7 ways to attract women to engage in financial advice and why it matters
Are you attracting female clients to your advice firm and including female spouses in the financial planning process? If not, read on to find out how you could be missing out on lucrative business and steps you can take to appeal to more women.
65% of the wealth in the UK will be in the hands of women by 2025
According to Schroders latest Pulse Survey, it’s predicted that 65% of the wealth in the UK will be in the hands of women by 2025. This is primarily due to wealth transfer.
With only 11% of advisers having a strategy for advising women, combined with 70% of widows who will change adviser within a year of their spouses passing, there’s a lot of money about to walk out the door over the next couple of years.
Only 11% of advisers have a strategy for retaining, attracting, and advising women
Since women are often the first recipient of a wealth transfer when their spouse dies, if there isn’t an established relationship with the female partner, you could be losing out as they transfer wealth away from your firm.
Schroders found that 54% of advisers are now concerned about the risk of losing assets due to not having a relationship with the female member of a couple and that figure is likely to rise as more advisers become aware of this information.
Ideally, advisers should be including female spouses in the financial planning process from the outset.

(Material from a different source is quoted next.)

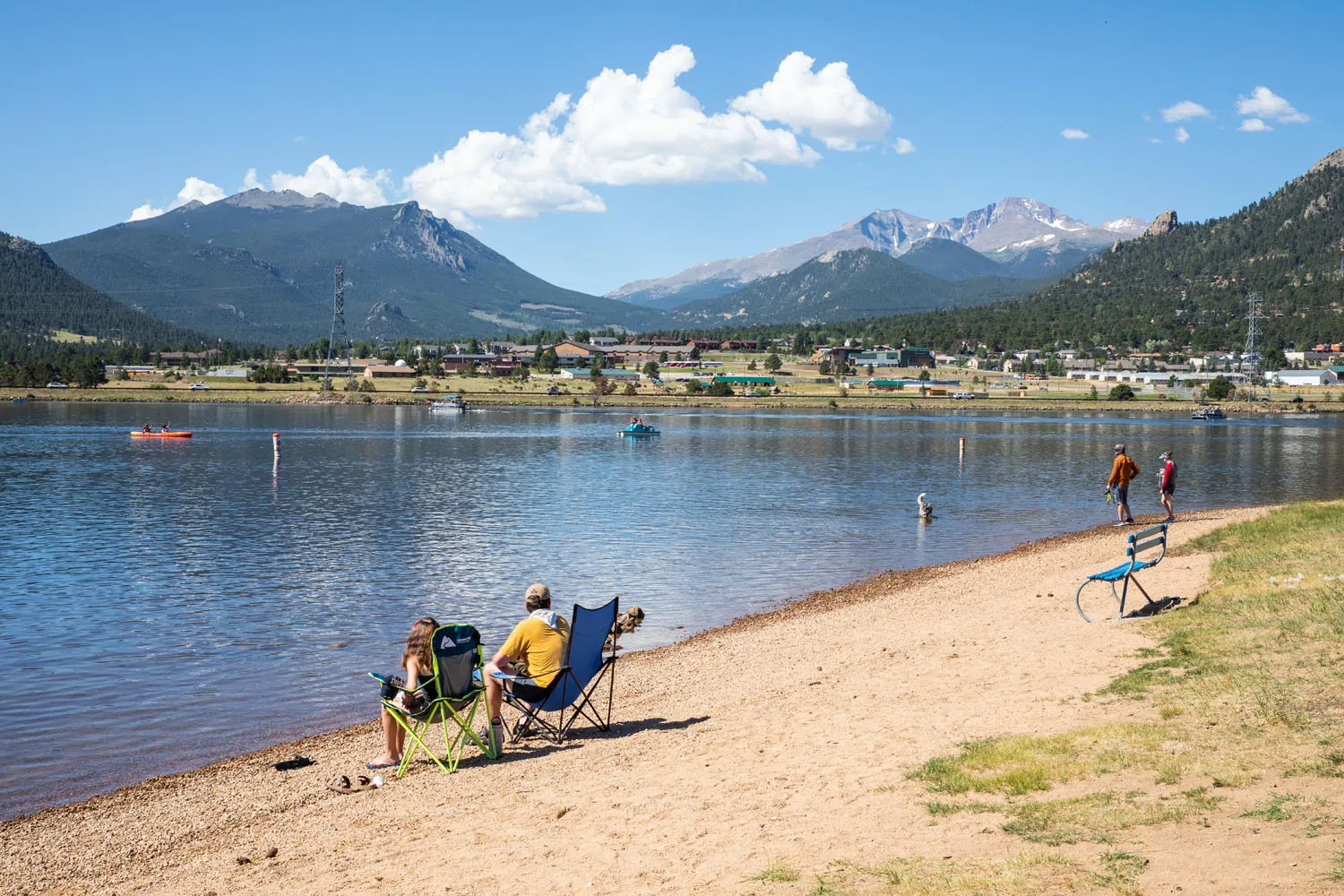 Lake Estes Rocky Mountain National Park itinerary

With an established relationship with someone they already know and trust, women will be less likely to switch advisers when their husband dies.

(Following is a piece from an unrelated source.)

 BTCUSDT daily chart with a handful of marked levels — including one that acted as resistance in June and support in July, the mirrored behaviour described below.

What women want from a financial adviser
Another survey, from Canada Life, revealed what women were looking for when seeking out financial advice:
- 42% were looking for retirement planning or pensions advice
- 35% were looking for support in finding investments
- 34% for mortgage advice
- 27% for wealth and inheritance planning.

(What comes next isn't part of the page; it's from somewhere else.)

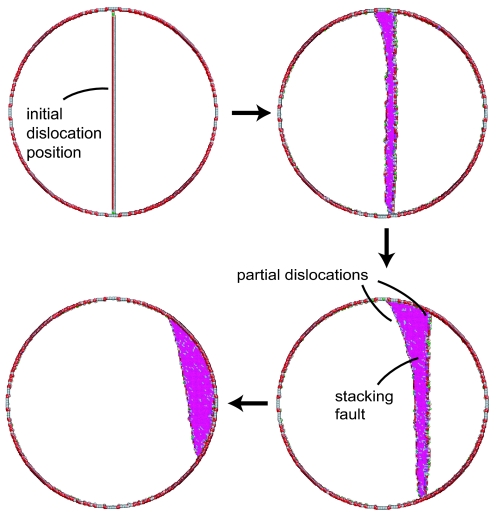 Fig. 3.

But that doesn’t really capture what women really want from an adviser. It is much more subtle than that.
Communication is important to them, so scene setting with clear explanations and examples of real life must be used to engage and bring it all to life.
The content is obviously important but so too is the tone and way in which it is delivered. Not treating them as naïve but being empathetic and understanding of their needs.
Women’s attitude and approach to finance is often different to men. This is due to both psychology and circumstance. Women live longer, earn less, and move in and out of employment more than men. They are society’s carers, with many supporting ’30-something’ children and grandchildren.
They want to use their money to help children and grandchildren, to travel, and have experiences with their friends and family.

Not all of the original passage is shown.